Equation (20) provides the reference value for SCC injection. The AC voltage amplitude and phase angle, the AC amplitude and phase angle in the circulation reference are provided by the decoupled double synchronous reference frame PLL (DDSRF-PLL).

2.4. The Influence of TZCV on the Operation of MMC and the Design of TZCV Injection Parameters

The HBSM-MMC lacks the capability of the ability of full-bridge sub-module to output a negative level, limiting its linear operating range. However, by injecting TZCV, the linear modulation range of HBSM-MMC can be expanded, and the utilization of DC-link voltage can be improved. This not only extends the operating range of the MMC but also reduces DC-link voltage fluctuations under unbalanced grid conditions.
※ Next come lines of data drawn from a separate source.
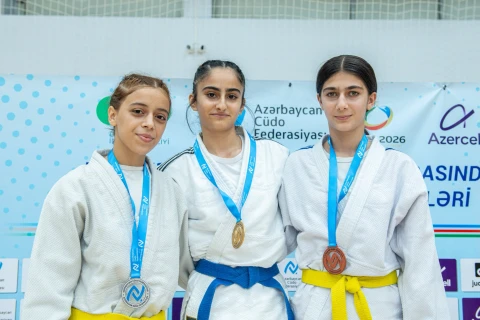 U-17 yeniyetmələr arasında region birinciliyi keçirilib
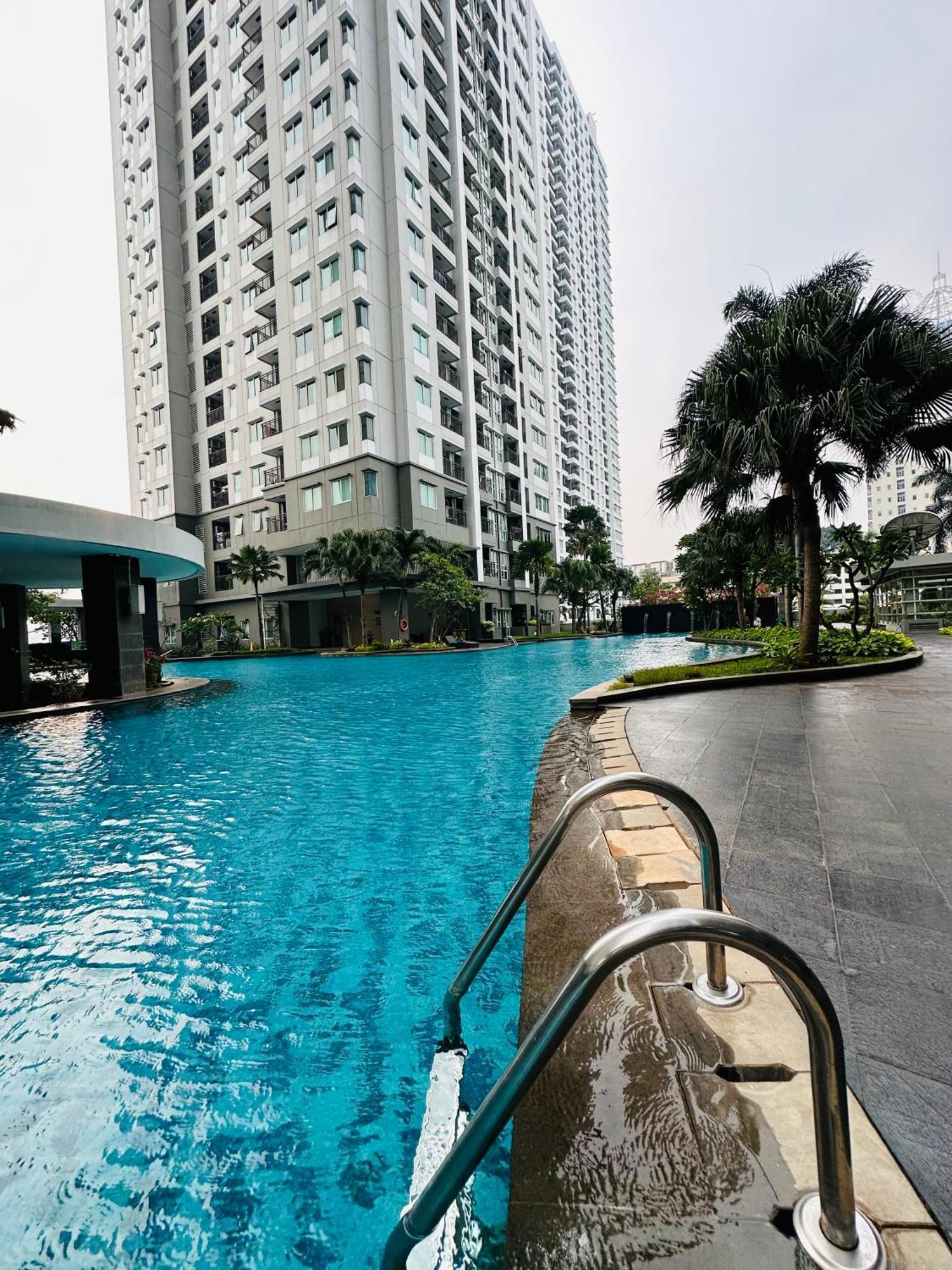 Pangsapuri Thamrin Family-friendly Jakarta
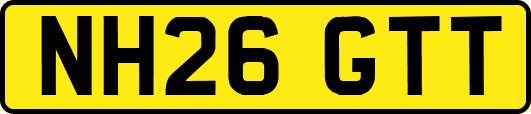 NH26GTT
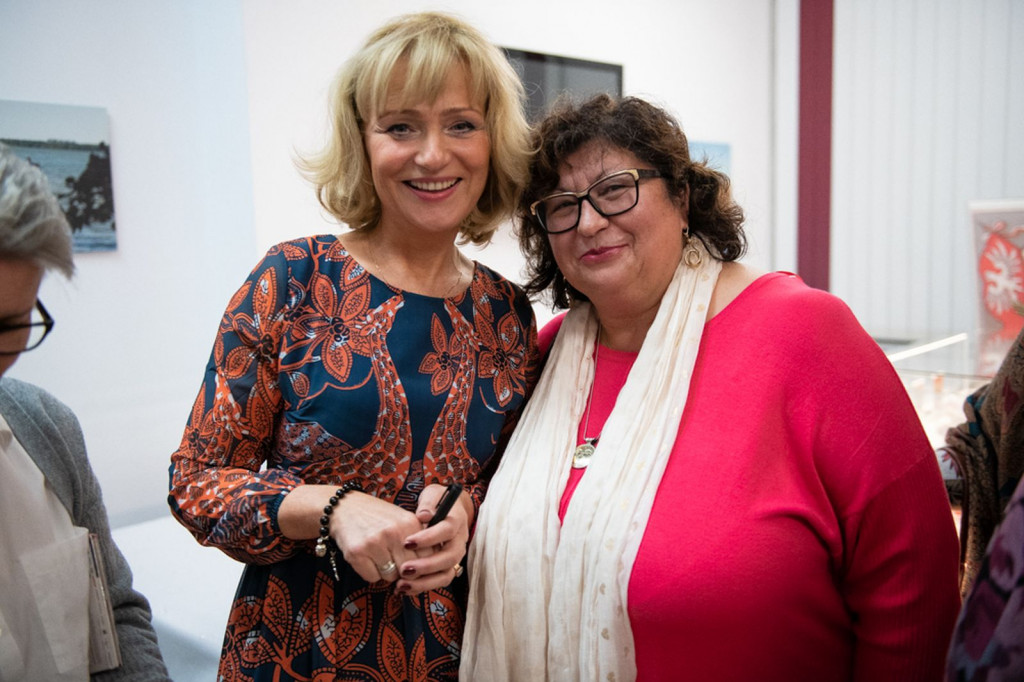 Recital Katarzyny Żak w Bornem Sulinowie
For an MMC working in a steady state while neglecting the influence of circulating currents, the TZCV parameters to maximize the utilization of DC voltage are similar to those of a traditional two-level converter. Specifically, the voltage injection amplitude is set to 1/6 of the AC voltage reference value with the same phase. As shown in Figure 2, after injecting TZCV, the phase voltage modulation waveform becomes a saddle wave, the corresponding maximum modulation index is 1.732, and the DC voltage utilization rate increases 15%.

When accounting for the voltage drop caused by the circulating current across the arm inductance and the output of the circulating current controller, the amplitude of the arm modulation voltage changes, and the modulation waveform deviates from a standard saddle wave. This variation in voltage amplitude results in a reduced modulation range for the MMC.

Figure 3 shows the steady-state operation of the MMC converter at a modulation ratio of 1. The system control objective is to suppress the negative-sequence current of the grid-connected point, and the maximum amplitude of the modulation voltage at the three-phase upper arm under a single-phase voltage drop of the grid.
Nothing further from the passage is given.